It is now widely understood that human-induced climate change this century is an existential risk to human civilisation. Unless carbon emissions are rapidly reduced to zero, it is likely that global warming will either annihilate intelligent life or permanently and drastically curtail its potential.
While policymakers talk about holding warming to 1.5°C to 2°C above the pre-industrial level—a very unsafe goal given that dangerous climate-system tipping points are being activated now at just 1°C of warming—by their lack of action they are in fact setting Earth on a much higher warming path that will destroy many cities, nations and peoples, and many, if not most, species.
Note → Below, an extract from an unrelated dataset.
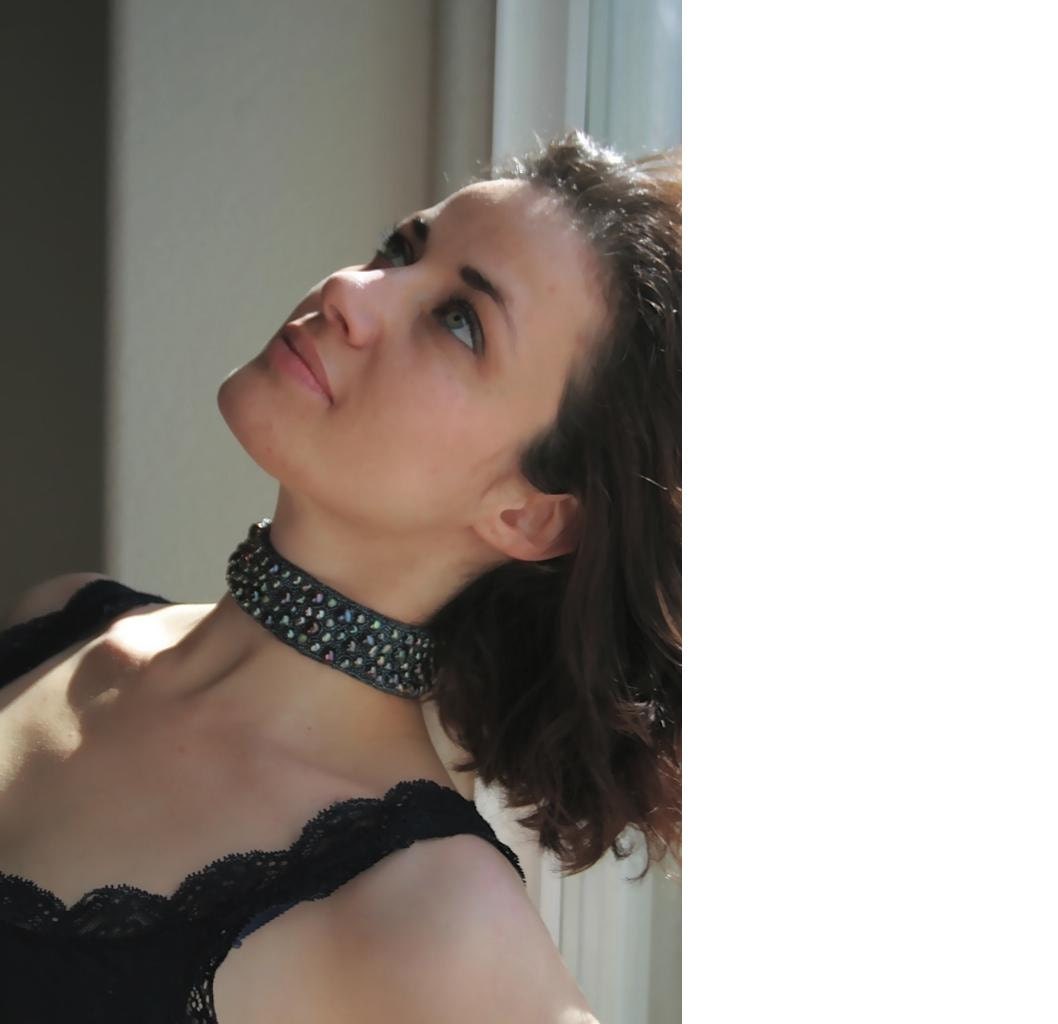 RESERVED for the BIRTHDAY GIRL Pave Choker Bead Embroidery Choker Necklace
 This cognitive dissonance was on full display at the UN Framework Convention on Climate Change (UNFCCC) twenty-fourth meeting of the Conference of the Parties (COP24) in Katowice, Poland, last December. Speaking at COP24 to great fanfare and a standing ovation, Greta Thunberg, the 16-year old Swedish climate activist who has inspired a global movement for “climate strikes” by school students, called out the leadership failure of the COP adults who “are not mature enough to tell it like is”:
We have to speak clearly, no matter how uncomfortable that may be. You only speak of green eternal economic growth (and) about moving forward with the same bad ideas that got us into this mess, even when the only sensible thing to do is pull the emergency brake. You are not mature enough to tell it like is. Even that burden you leave to us children.
And then the adults got down to business, which was to write a rulebook for the Paris Agreement. The result does little to push nations to improve on the low ambition of the 2015 COP, and instead simply restates a request for nations to update their commitments by 2020.
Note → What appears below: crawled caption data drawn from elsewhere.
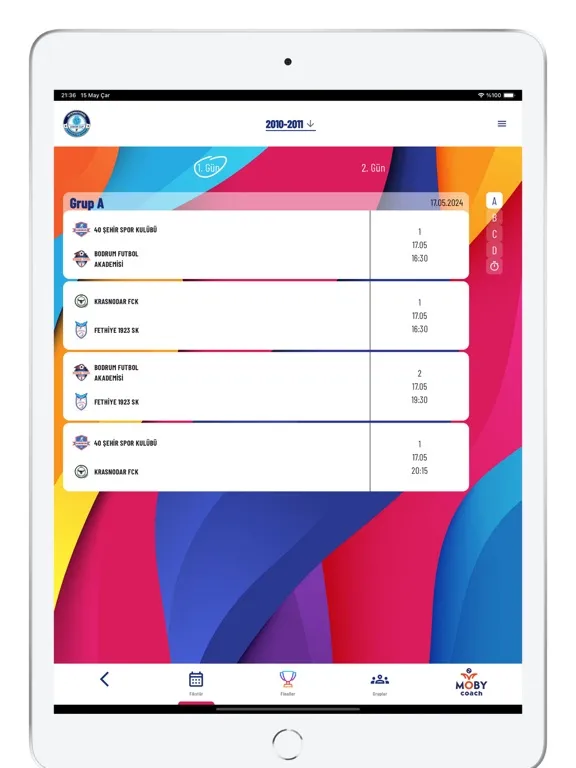 ภาพหน้าจอของ Moby Fixture iPad 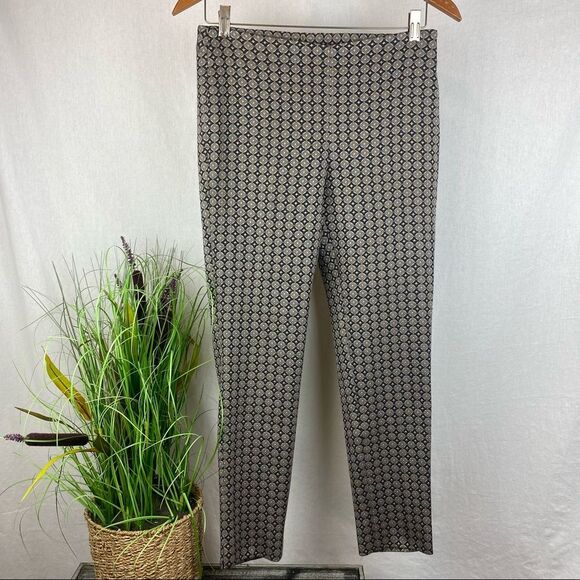 Les Copains Bleu Light weight Woven Side Zip Ankle Slim pants Gray 40 6 - Picture 2 of 10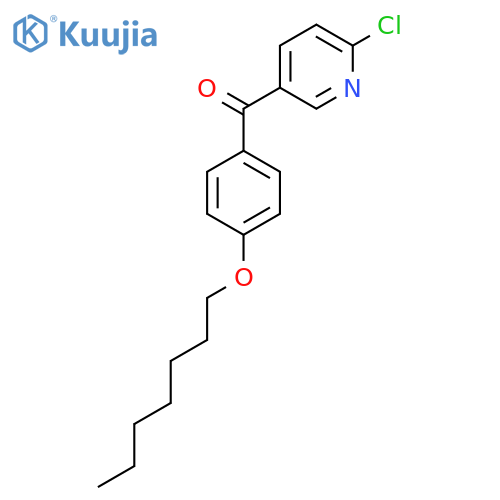 2-Chloro-5-(4-heptyloxybenzoyl)pyridine structure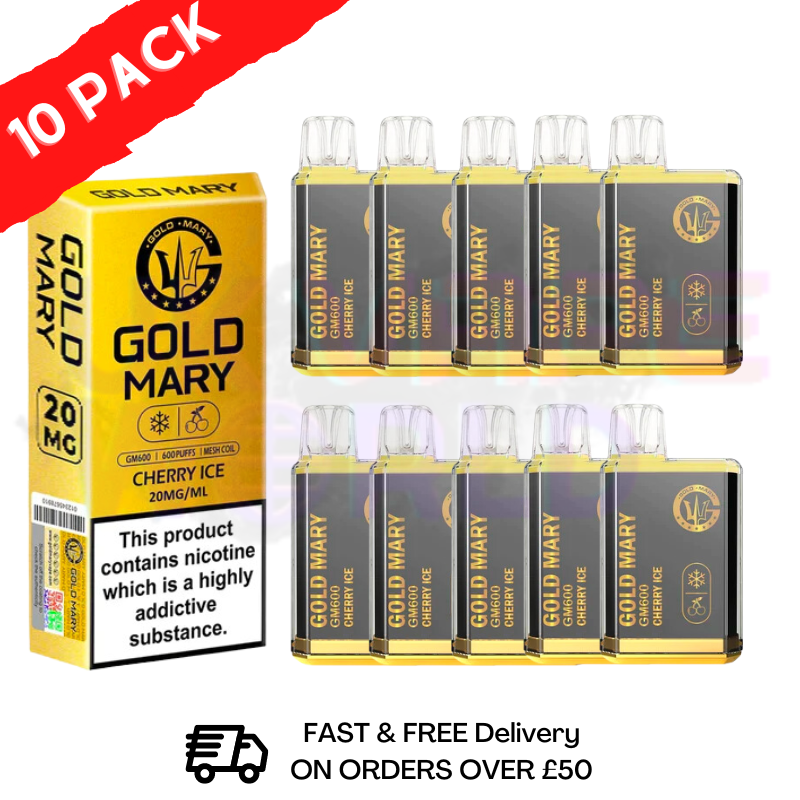 Cherry ICE - Gold Mary 600Puff Box of 10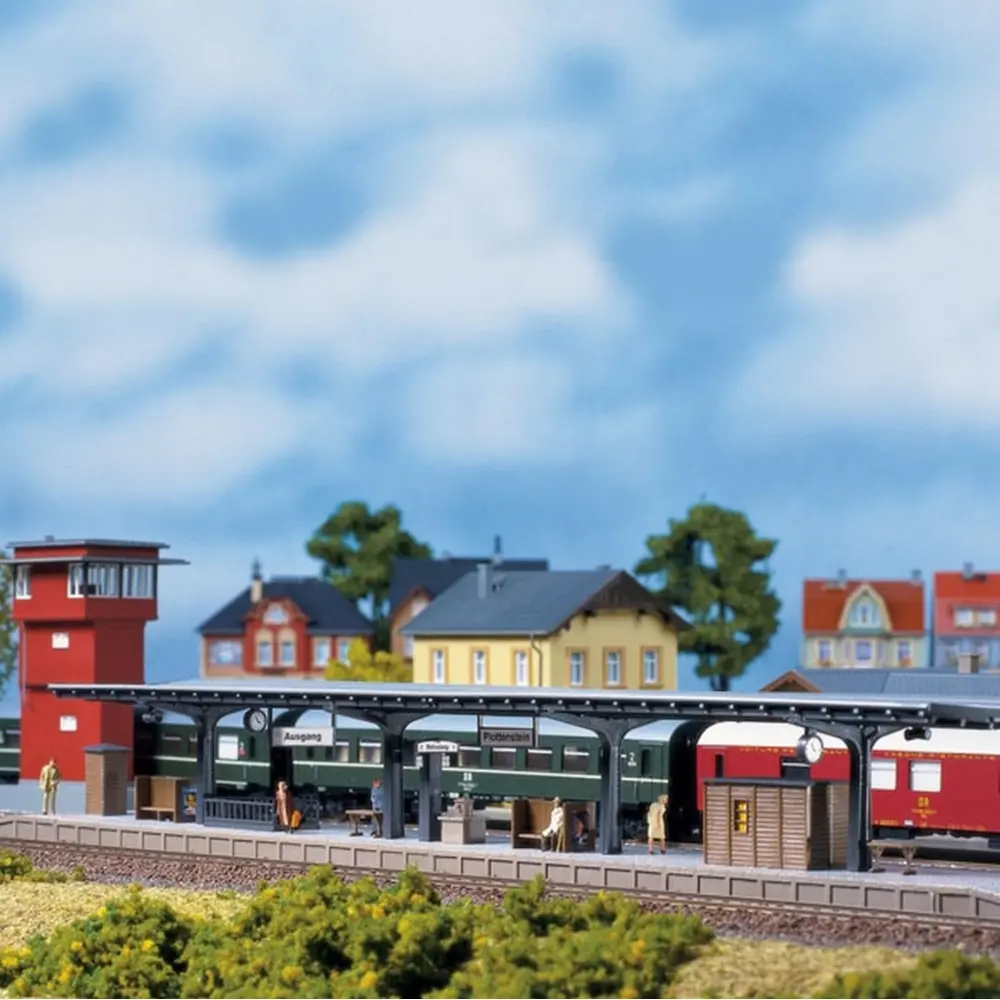 Quai de gare couvert - Auhagen 11376 - HO 1/87 - 3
The Paris deal established “bottom up”, voluntary, unenforceable, national emission-reduction commitments that would result in a warming path of 3.5°C, and closer to 5°C when the full range of climate-system feedbacks is taken into account. Such an outcome, say scientists, is inconsistent with the maintenance of human civilisation, and may reduce the human population to one billion people. Even the World Bank says it may be beyond adaptation.

In a foreword to the recent report What Lies Beneath: The Underestimation of Existential Climate Risk, eminent scientist and emeritus director of the Potsdam Institute John Schellnhuber warned that “climate change is now reaching the end-game, where very soon humanity must choose between taking unprecedented action, or accepting that it has been left too late and bear the consequences”.
In a recent interview, Schellnhuber said that if we continue down the present path “there is a very big risk that we will just end our civilisation. The human species will survive somehow but we will destroy almost everything we have built up over the last two thousand years”. 
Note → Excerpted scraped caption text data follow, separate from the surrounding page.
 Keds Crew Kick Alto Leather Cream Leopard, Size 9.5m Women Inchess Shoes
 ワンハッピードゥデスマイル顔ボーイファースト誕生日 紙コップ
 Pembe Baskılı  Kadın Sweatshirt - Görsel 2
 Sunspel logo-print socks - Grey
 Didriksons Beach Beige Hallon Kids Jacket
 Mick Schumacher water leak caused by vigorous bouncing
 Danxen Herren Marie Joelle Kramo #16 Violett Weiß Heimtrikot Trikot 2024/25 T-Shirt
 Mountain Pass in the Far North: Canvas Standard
UN Framework Convention on Climate Change

Since the UNFCCC was established at the Rio Earth Summit in 1992, annual human carbon-dioxide (CO2) emissions have increased more than 50 per cent, and there is no sign of their growth slowing. Since 1992, warming has risen from 0.6°C to 1.1°C, and the rate of warming is now accelerating, with Earth likely to hit the lower range of the Paris goal of 1.5°C within a decade or so. Evidence from Earth’s climate history suggests that the present CO2 level would raise sea levels by many tens of metres and the temperature by around a civilisation-ending 3.5°C in the longer term.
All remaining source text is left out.